* _EXERCISE_
Your answer must be an exact copy of the listing, with the images left out.

* _DATA SECTION_
%%

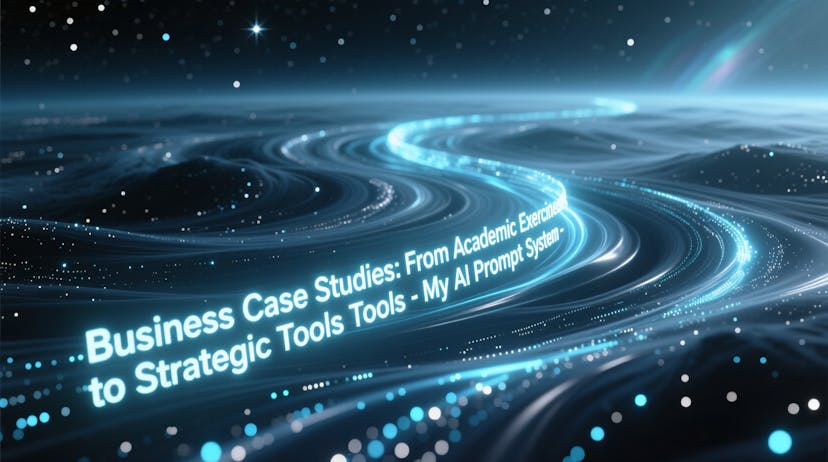 /business-case-studies-from-academic-exercises-to-strategic-tools-my-ai-prompt-system feature image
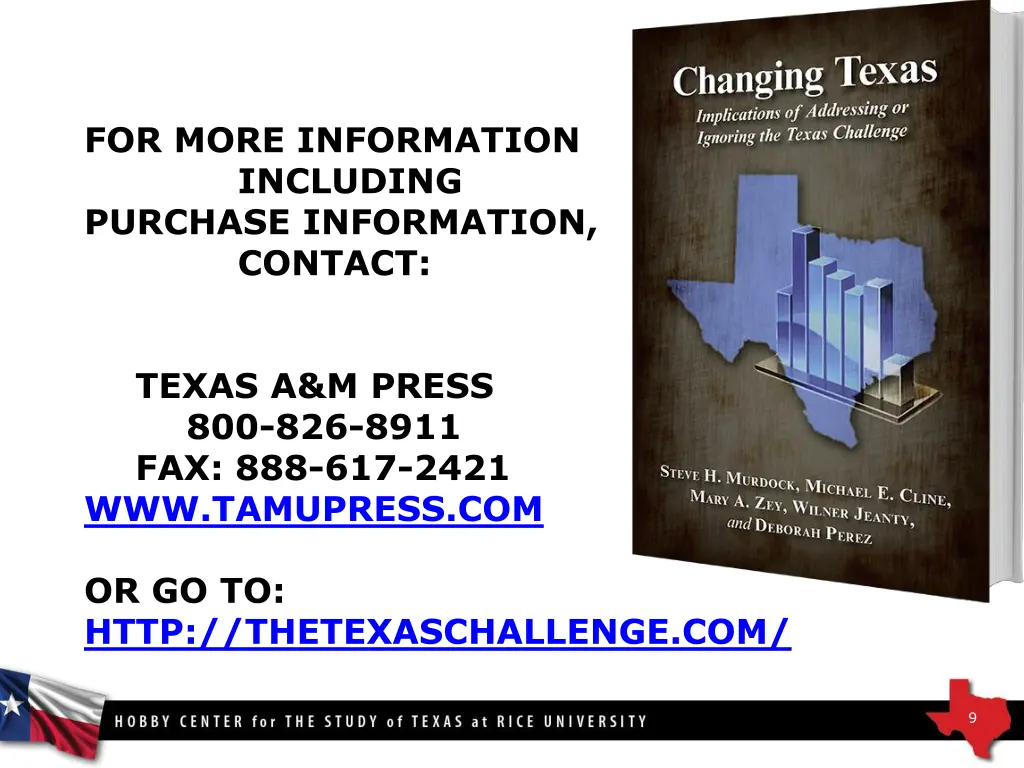 for more information including purchase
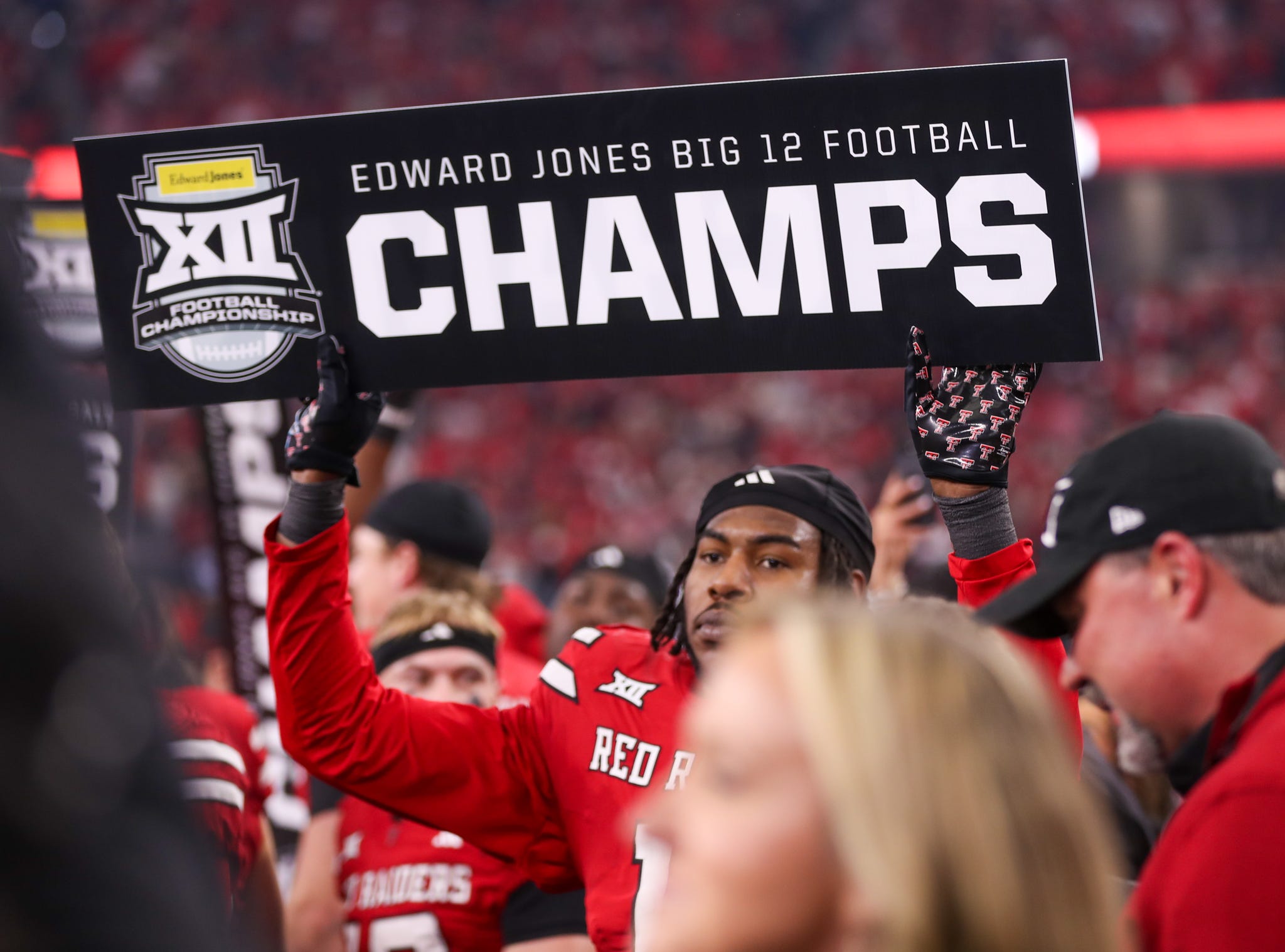 Big 12 Miles Traveled Teams Ranked - Conference Goes European In 2026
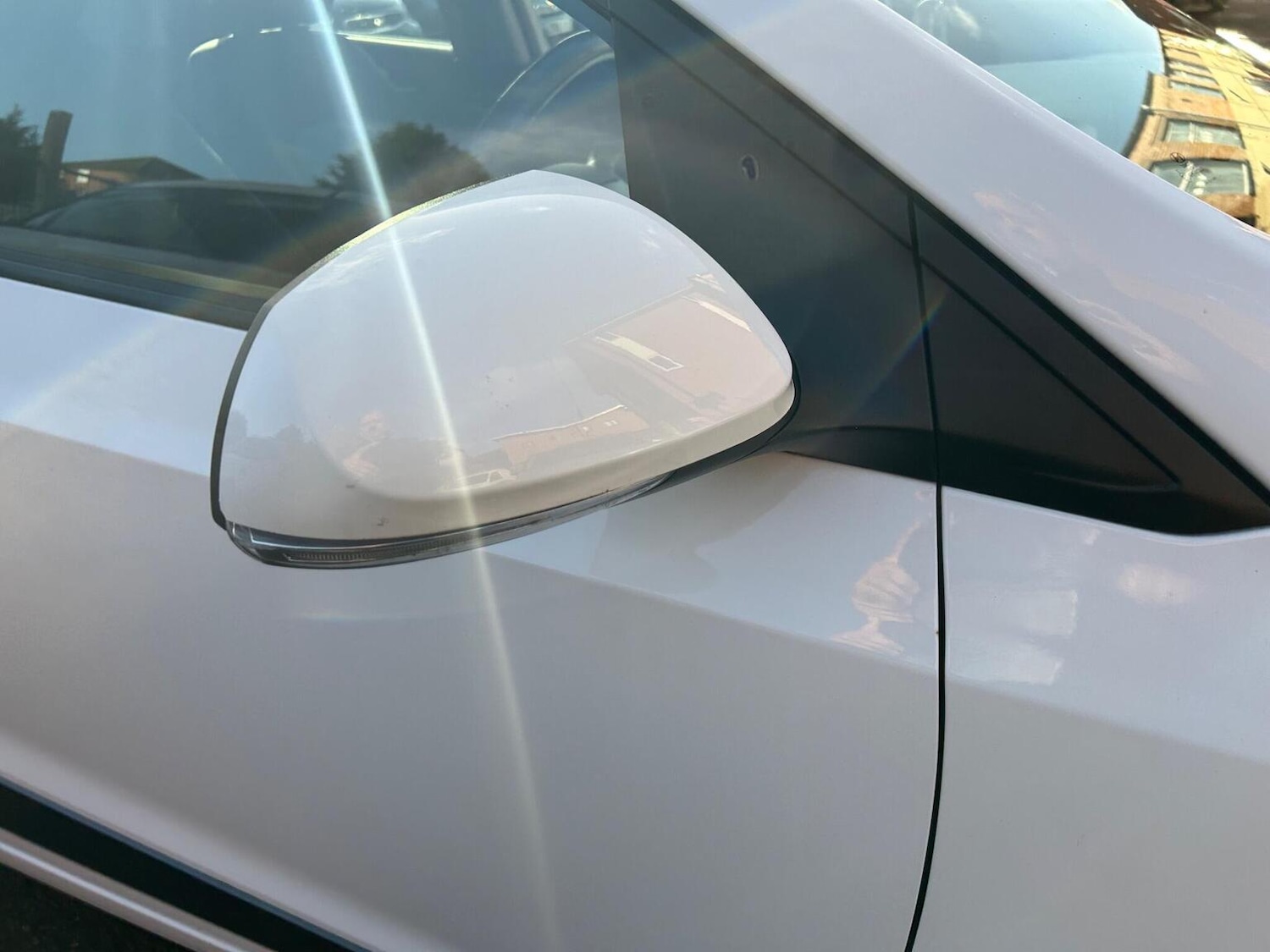 Used Hyundai i10 2016 for sale - 76963431: Photo 29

%%

* _WRITTEN RESPONSE_
 /business-case-studies-from-academic-exercises-to-strategic-tools-my-ai-prompt-system feature image
 for more information including purchase
 Big 12 Miles Traveled Teams Ranked - Conference Goes European In 2026
 Used Hyundai i10 2016 for sale - 76963431: Photo 29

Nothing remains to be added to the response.